=== Information supplied ===

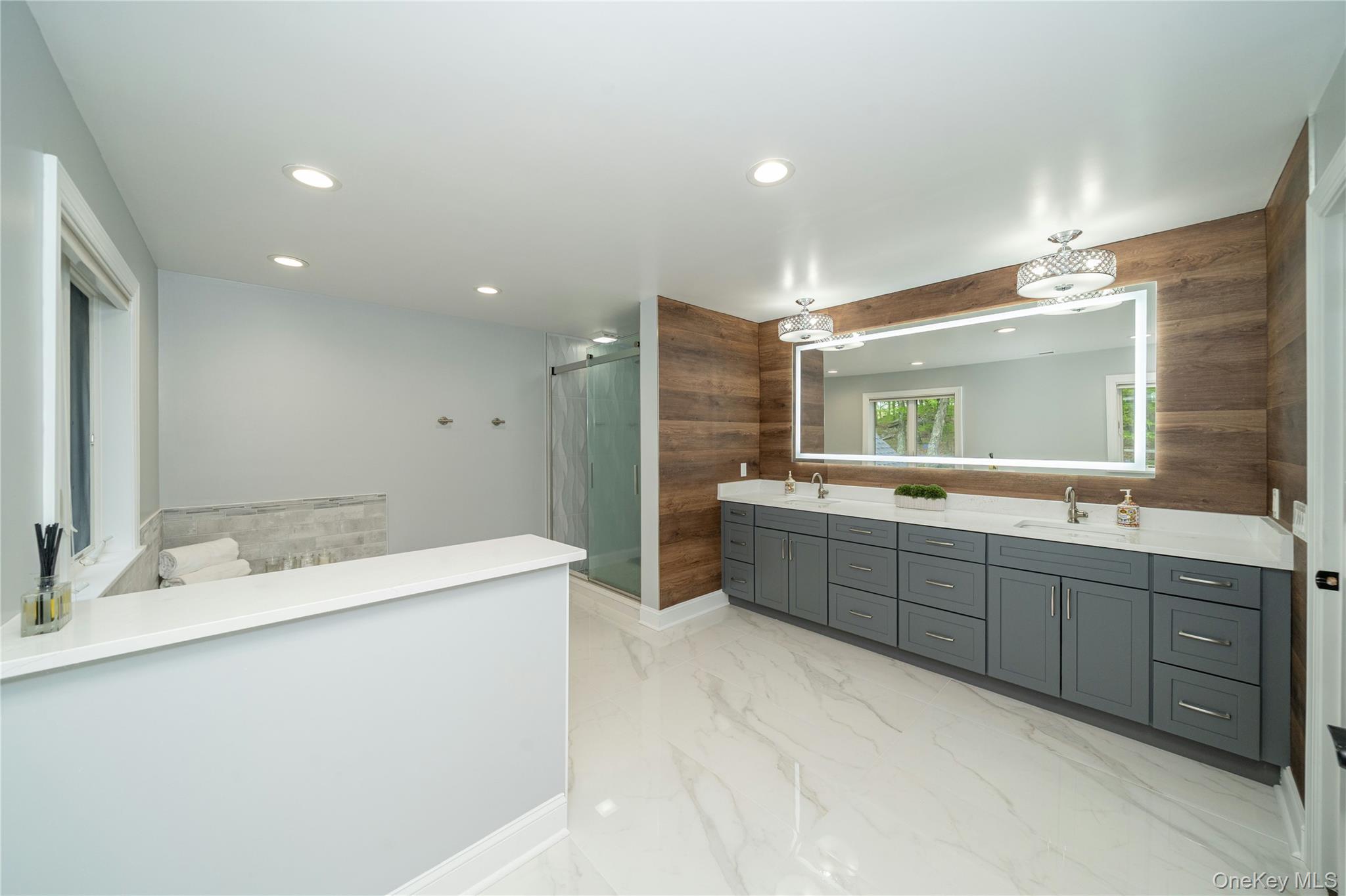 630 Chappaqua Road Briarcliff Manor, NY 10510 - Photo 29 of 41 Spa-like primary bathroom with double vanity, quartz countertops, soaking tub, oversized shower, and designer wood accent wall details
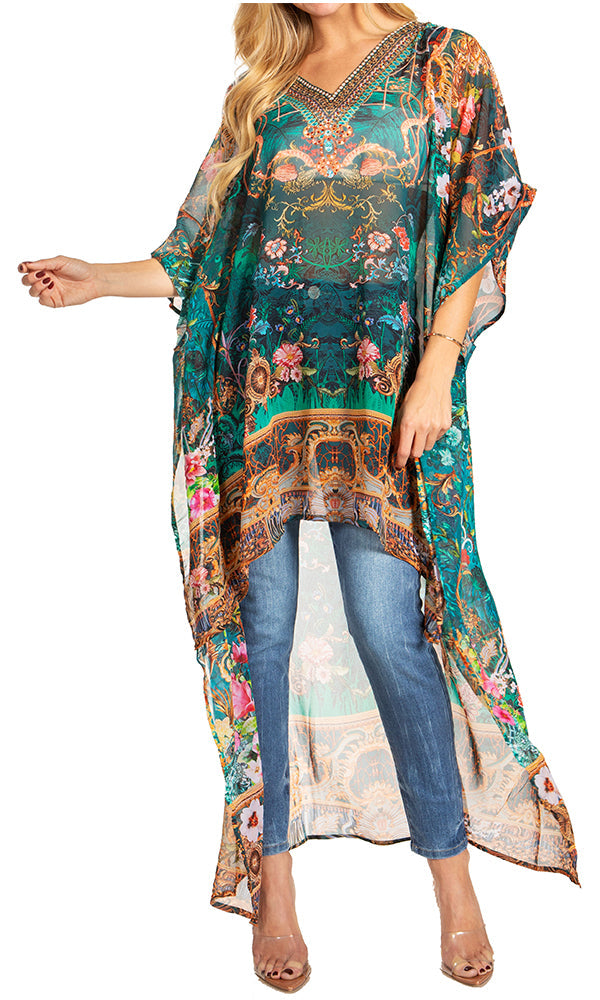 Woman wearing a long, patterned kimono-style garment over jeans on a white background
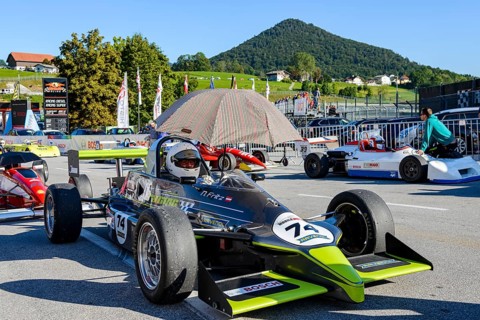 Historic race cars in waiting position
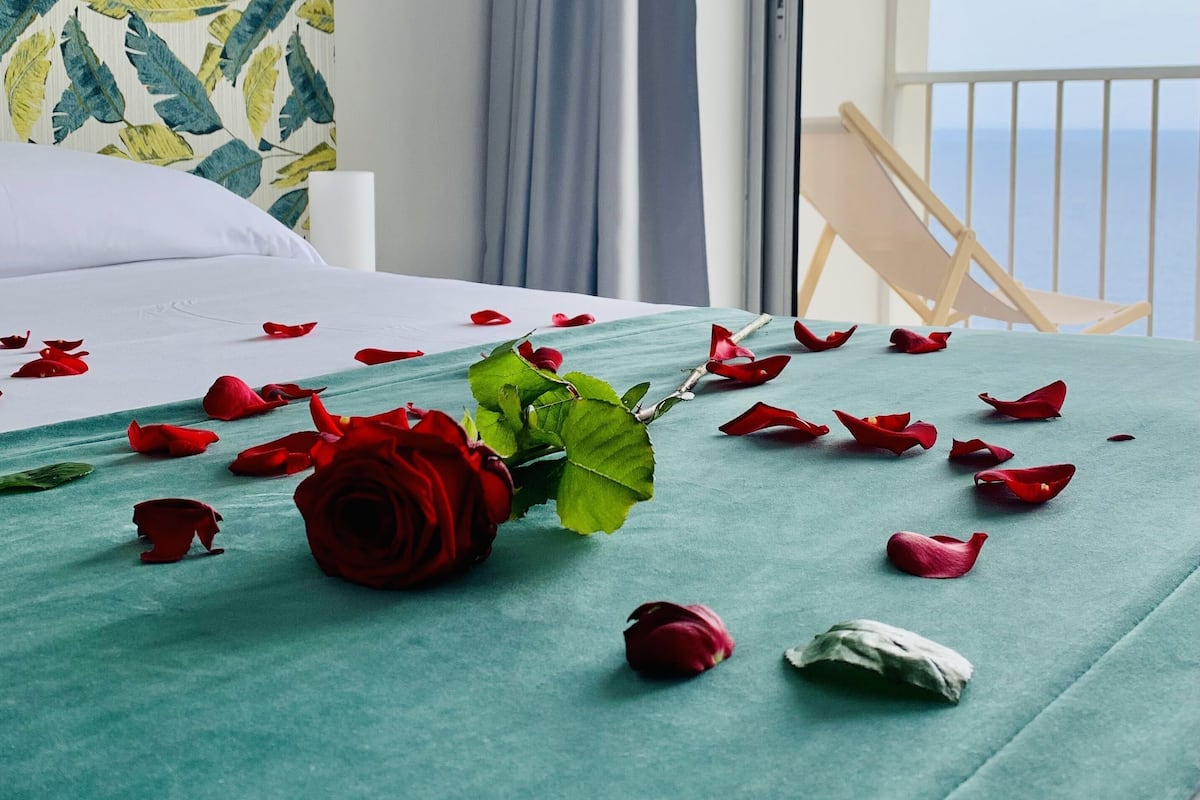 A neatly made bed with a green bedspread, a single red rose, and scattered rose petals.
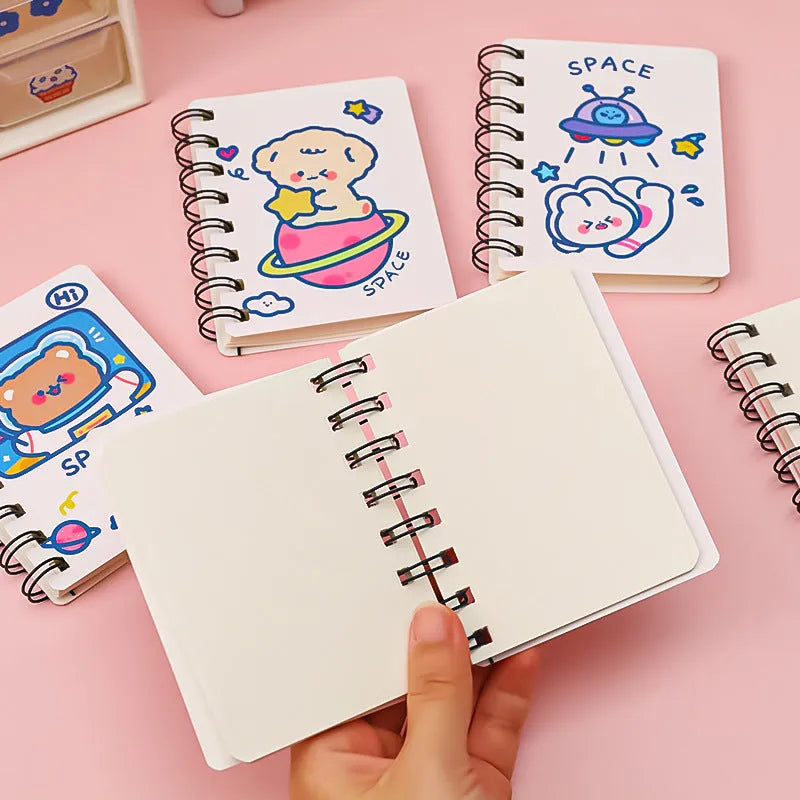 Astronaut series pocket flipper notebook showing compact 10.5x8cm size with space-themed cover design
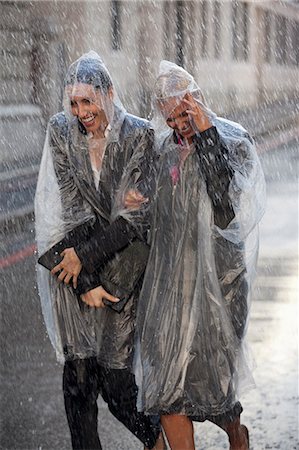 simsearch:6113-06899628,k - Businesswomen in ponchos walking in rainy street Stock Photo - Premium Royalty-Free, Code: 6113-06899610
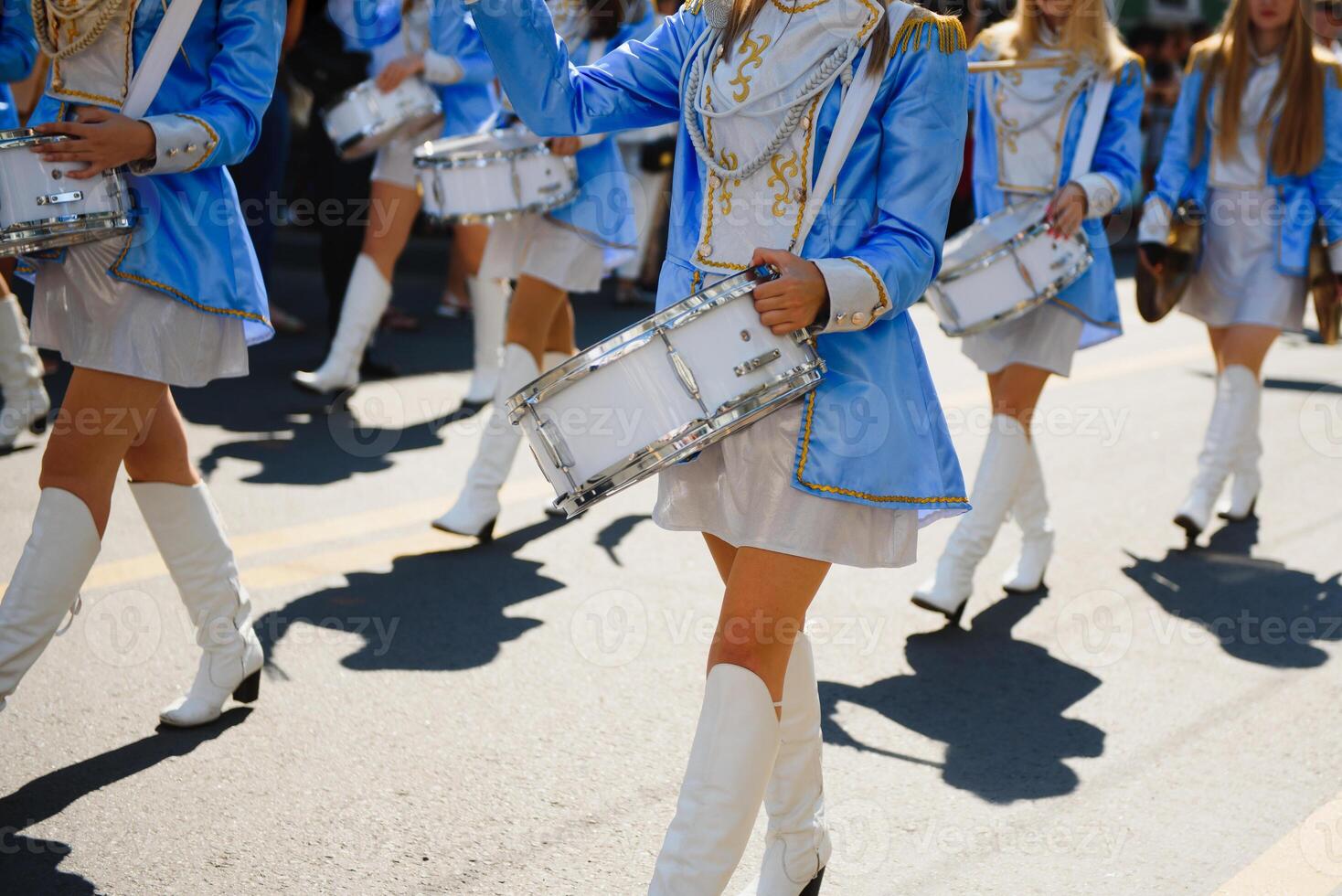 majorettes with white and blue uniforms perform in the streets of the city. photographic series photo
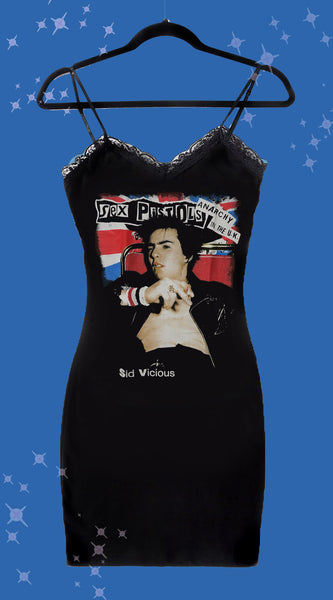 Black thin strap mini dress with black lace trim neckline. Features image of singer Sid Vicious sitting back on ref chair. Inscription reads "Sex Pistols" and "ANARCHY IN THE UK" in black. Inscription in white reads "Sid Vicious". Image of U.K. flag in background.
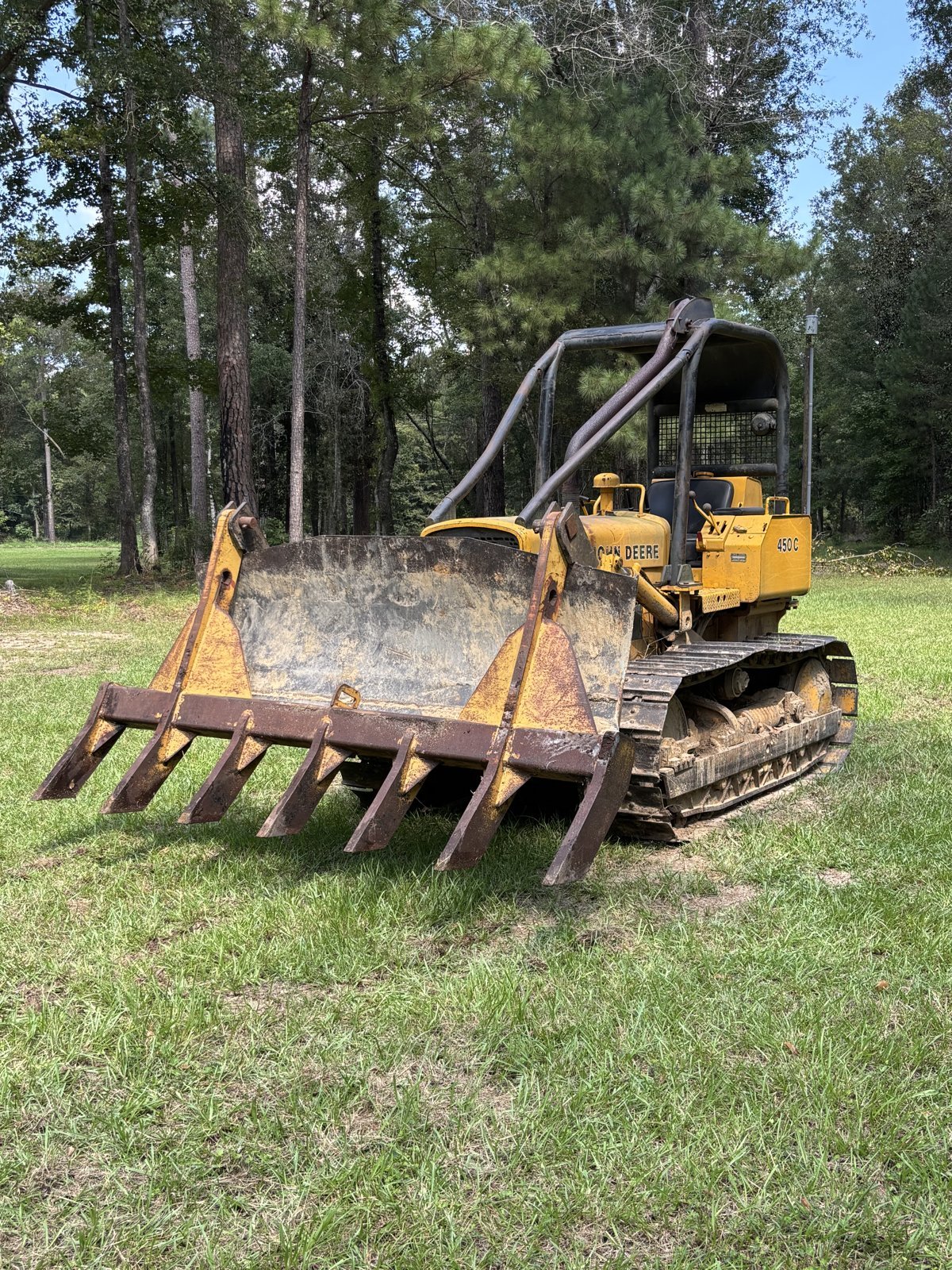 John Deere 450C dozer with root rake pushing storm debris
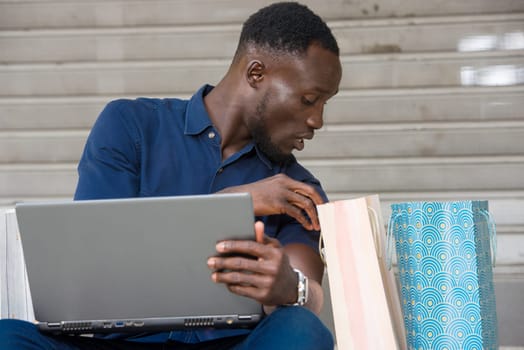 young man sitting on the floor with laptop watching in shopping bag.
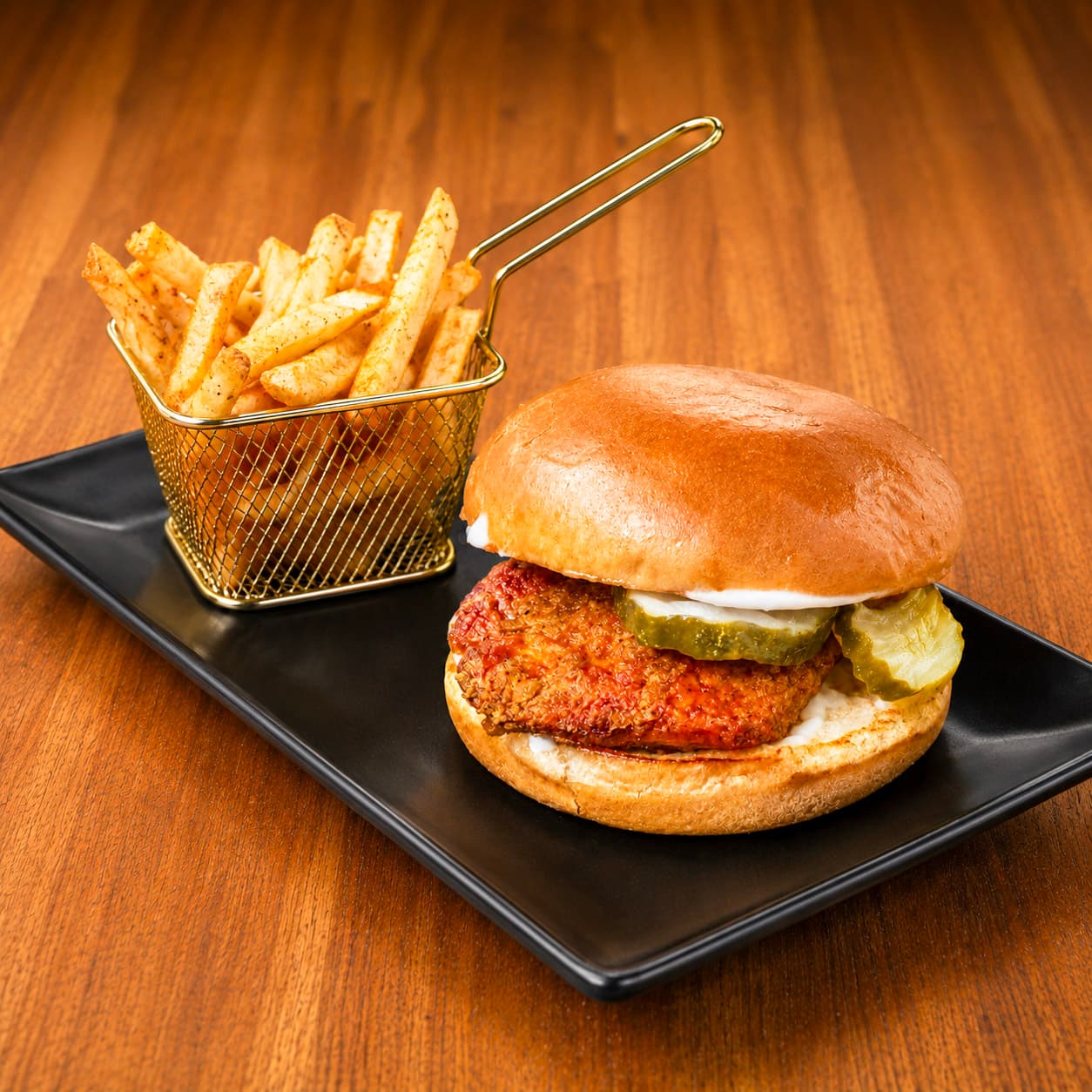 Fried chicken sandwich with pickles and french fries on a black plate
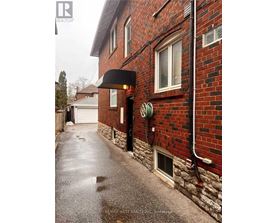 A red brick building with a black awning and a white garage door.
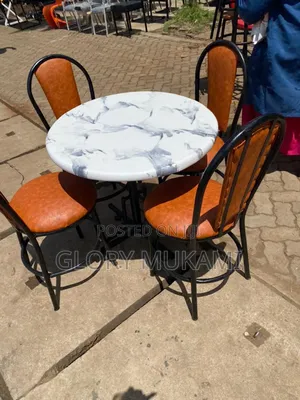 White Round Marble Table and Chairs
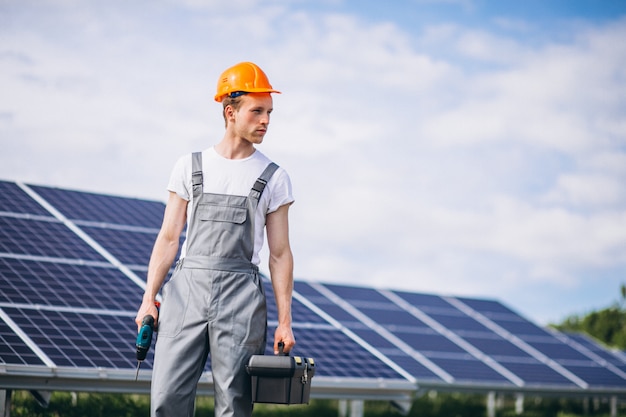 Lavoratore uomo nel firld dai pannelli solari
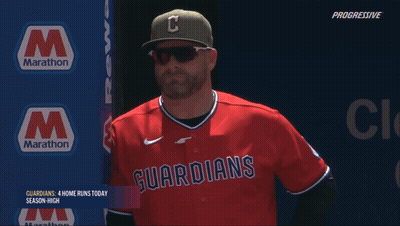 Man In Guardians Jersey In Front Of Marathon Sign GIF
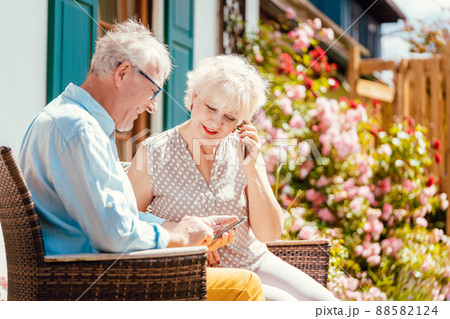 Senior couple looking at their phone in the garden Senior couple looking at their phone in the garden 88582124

===

What you have to do: Print out the entries once more, unchanged. No pictures.

Exercise answer:
 630 Chappaqua Road Briarcliff Manor, NY 10510 - Photo 29 of 41 Spa-like primary bathroom with double vanity, quartz countertops, soaking tub, oversized shower, and designer wood accent wall details
 Woman wearing a long, patterned kimono-style garment over jeans on a white background
 Historic race cars in waiting position
 A neatly made bed with a green bedspread, a single red rose, and scattered rose petals.
 Astronaut series pocket flipper notebook showing compact 10.5x8cm size with space-themed cover design
 simsearch:6113-06899628,k - Businesswomen in ponchos walking in rainy street Stock Photo - Premium Royalty-Free, Code: 6113-06899610
 majorettes with white and blue uniforms perform in the streets of the city. photographic series photo
 Black thin strap mini dress with black lace trim neckline. Features image of singer Sid Vicious sitting back on ref chair. Inscription reads "Sex Pistols" and "ANARCHY IN THE UK" in black. Inscription in white reads "Sid Vicious". Image of U.K. flag in background.
 John Deere 450C dozer with root rake pushing storm debris
 young man sitting on the floor with laptop watching in shopping bag.
 Fried chicken sandwich with pickles and french fries on a black plate
 A red brick building with a black awning and a white garage door.
 White Round Marble Table and Chairs
 Lavoratore uomo nel firld dai pannelli solari
 Man In Guardians Jersey In Front Of Marathon Sign GIF
 Senior couple looking at their phone in the garden Senior couple looking at their phone in the garden 88582124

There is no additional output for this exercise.